There were some really interesting pens in this batch. The most spectacular, but not the most interesting, was this 111 Extra:

The 111 Extra is an exquisitely made pen, small by modern SuperSize standards but perfectly sized for most people with hands of average size. It’s a piston filler, with a twist. Yes, I know, all piston fillers have a twist knob of one sort or another, but the 111’s knob is different. Unlike other exposed piston knobs, this one can’t turn accidentally and cause the pen to hork up ink “all over your new $49.50 charcoal gray suit” (apologies to MAD Magazine — referring to a Dave Berg “Lighter Side” piece I remember from 45 or 50 years ago, in which pizza, not ink, was the substance in question). There’s a latch in the mechanism, such that you have to pull the spring-loaded knob out a little before you can turn it to drive the piston down. Once past the latch, the knob turns freely, and when you turn it the opposite way to draw the piston back up, it clicks into the latched position. Nice.
This baby was in wonderful condition except for one vital point and one lesser cavil: its piston cork was a goner, shrunken and shriveled and generally beyond help, and the piston wouldn’t snap into the latch.
So I took it apart. The knob wasn’t snapping because there was some schmutz (corrosion, actually) on one of the parts; a quick cleansing took care of that.
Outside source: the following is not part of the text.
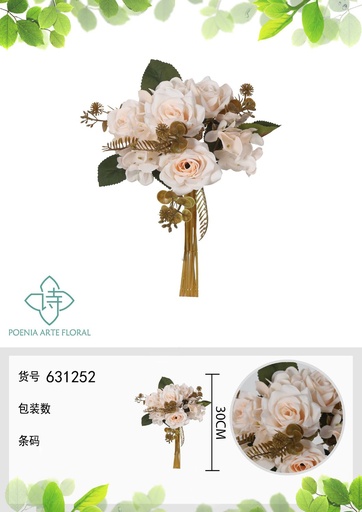 [631252BLANCO] Ramo de flores artificiales con rosas de 30 cm - Decoración floral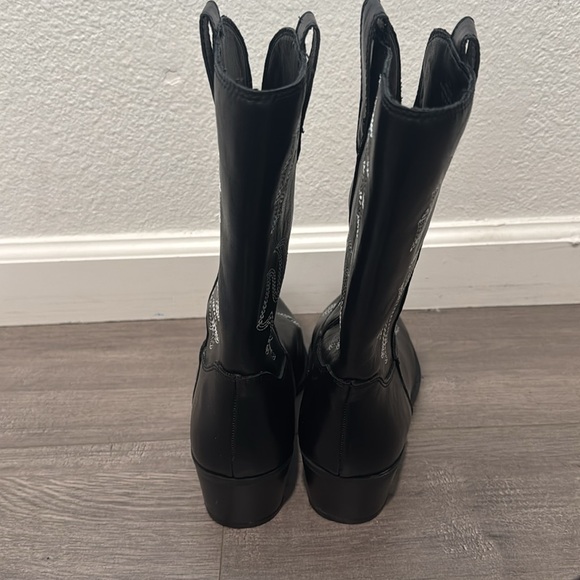 Western Calf Length Black Boots Size 9 - Picture 4 of 5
The piston cork entailed a few measurements and a visit to the lathe, after which I reassembled the pen and adjusted the nib. It’s wicked easy to understand why the 111X is a pricey, collectible pen. It writes wonderfully, and it feels so organic that you almost have to check to see whether it’s growing attached to you. It doesn’t do that, of course, but I could easily grow attached to it!
The winner in the “Most Interesting” category was actually several different models that share a common filler design. Here are two of them:


These pens are a Soennecken Rheingold 613 and a Sonnecken Präsident 1. They’re both button fillers. But, unlike Parker’s button fillers (which hide their buttons under a blind cap that you have to remove and can therefore possibly lose) or the Filcao Tukano (which relies on an unusually stiff spring action to keep its exposed button from being depressed inadvertently), they protect their buttons in a very clever way. Here are two pictures of the Rheingold:


Look at the back of the barrel. Notice that it’s solid black in the picture showing the pen capped, but in the capless picture the black doesn’t extend as far. There’s a white button showing. The black part is a collar that screws up or down. Screw it up and the button is shielded against accidental activation; screw it down, and you can press the button. This is a very clever system. It’s not cheap to make, but it is reliable and easy to use.
Oh, but wait a minute. Button fillers don’t have transparent barrels with breather tubes. These pen are actually button-actuated bulb fillers! So now I’m wondering: Who’s On First? Was it Soennecken, with a button/bulb filler, or was it Waterman’s Ink-Vue, with a lever/bulb filler? Even the “ray” pattern in the celluloid is the same!

Your guess is as good as mine, and I’d love to hear what you think.